WHAT THE TASK REQUIRES:
Nothing but the text belongs in the answer: the listing below, copied exactly, without pictures.

STORED DATA:
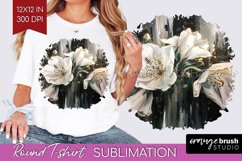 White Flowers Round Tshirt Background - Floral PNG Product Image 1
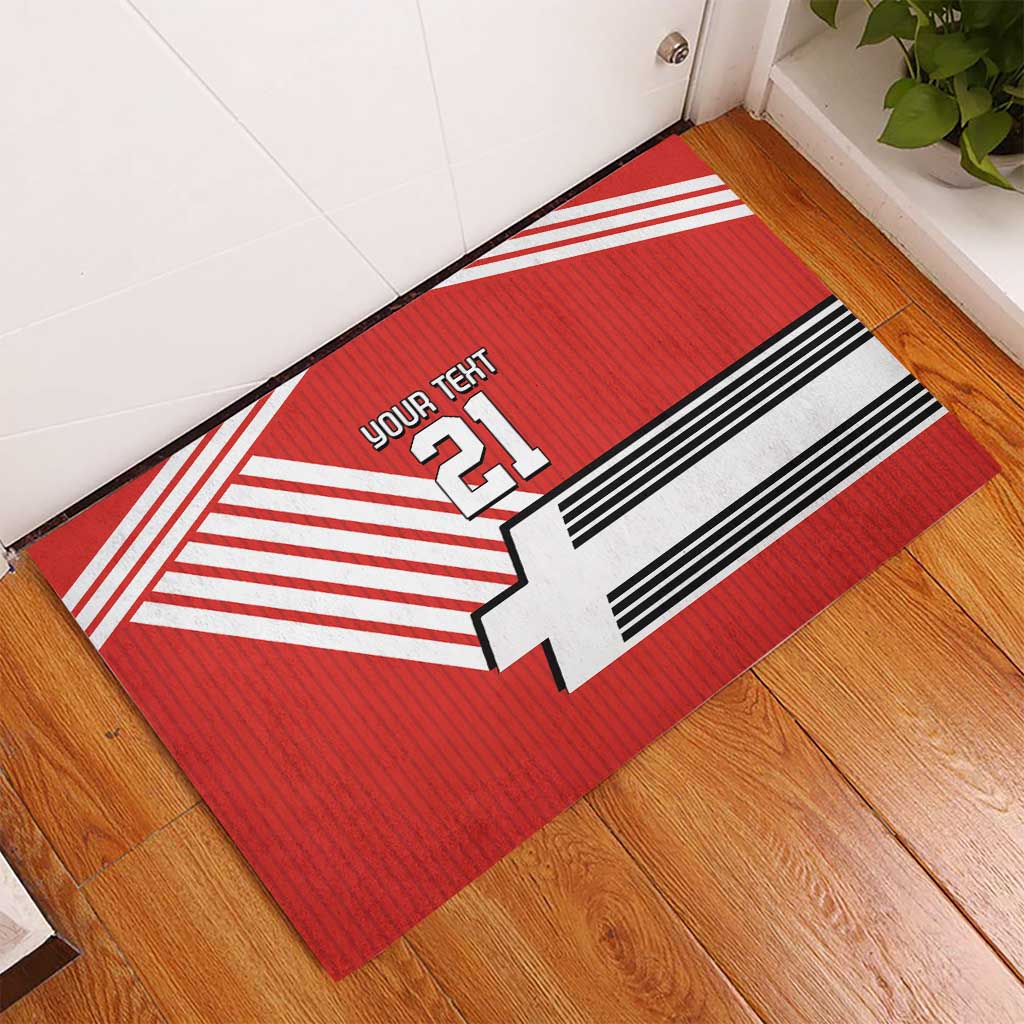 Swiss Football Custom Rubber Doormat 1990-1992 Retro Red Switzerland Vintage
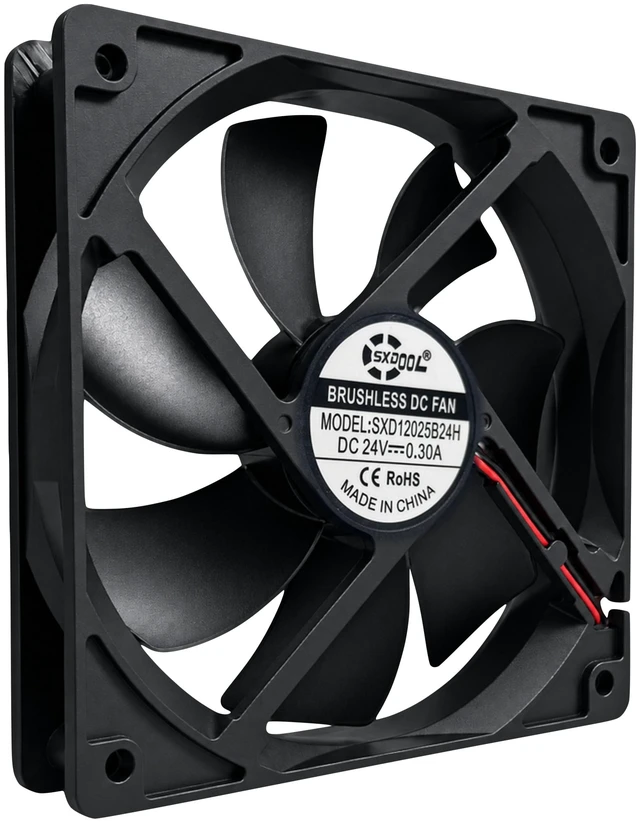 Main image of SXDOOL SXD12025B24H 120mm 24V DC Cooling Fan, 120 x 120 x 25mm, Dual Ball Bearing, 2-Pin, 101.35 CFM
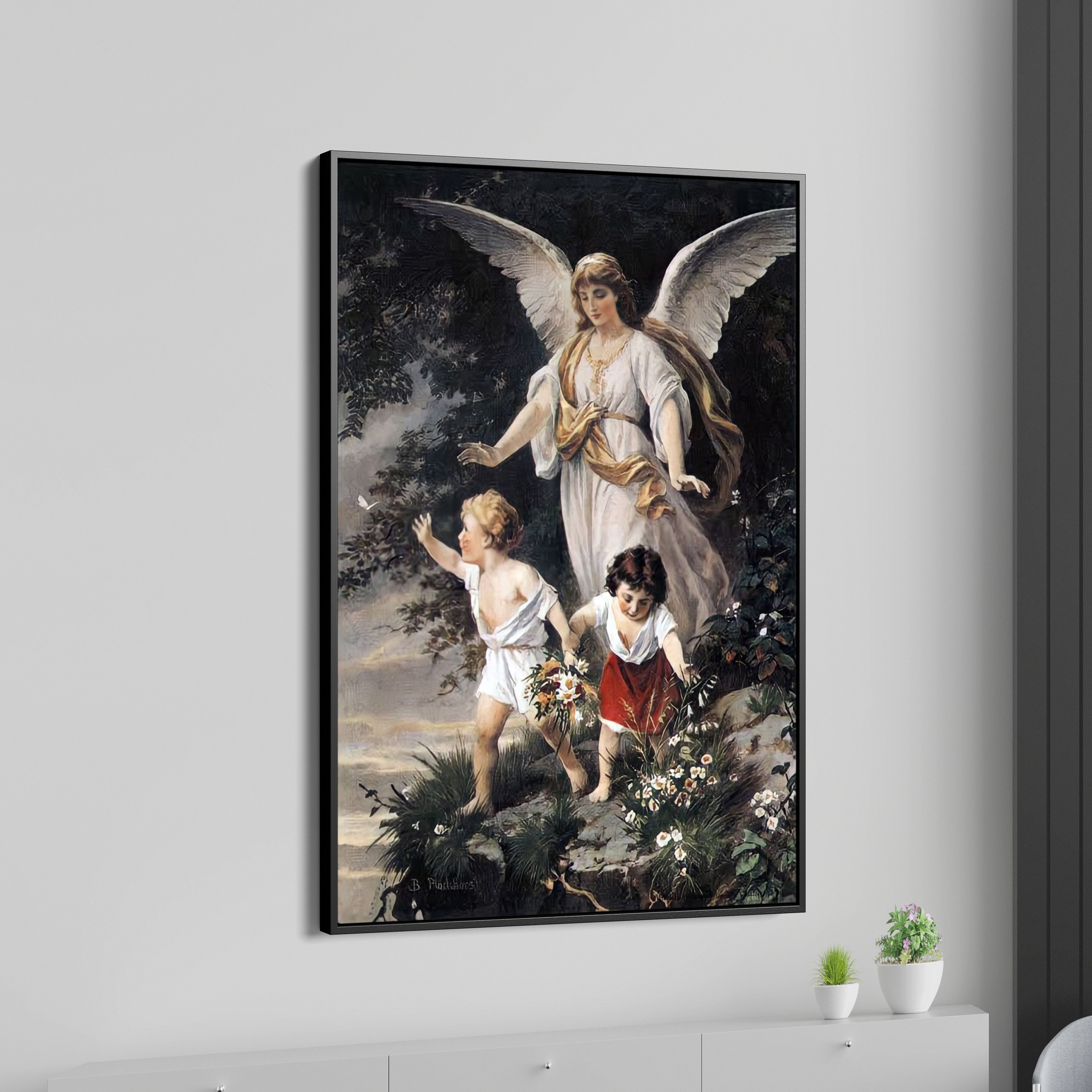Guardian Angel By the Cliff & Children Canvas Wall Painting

THE COMPLETED TASK:
 White Flowers Round Tshirt Background - Floral PNG Product Image 1
 Swiss Football Custom Rubber Doormat 1990-1992 Retro Red Switzerland Vintage
 Main image of SXDOOL SXD12025B24H 120mm 24V DC Cooling Fan, 120 x 120 x 25mm, Dual Ball Bearing, 2-Pin, 101.35 CFM
Guardian Angel By the Cliff & Children Canvas Wall Painting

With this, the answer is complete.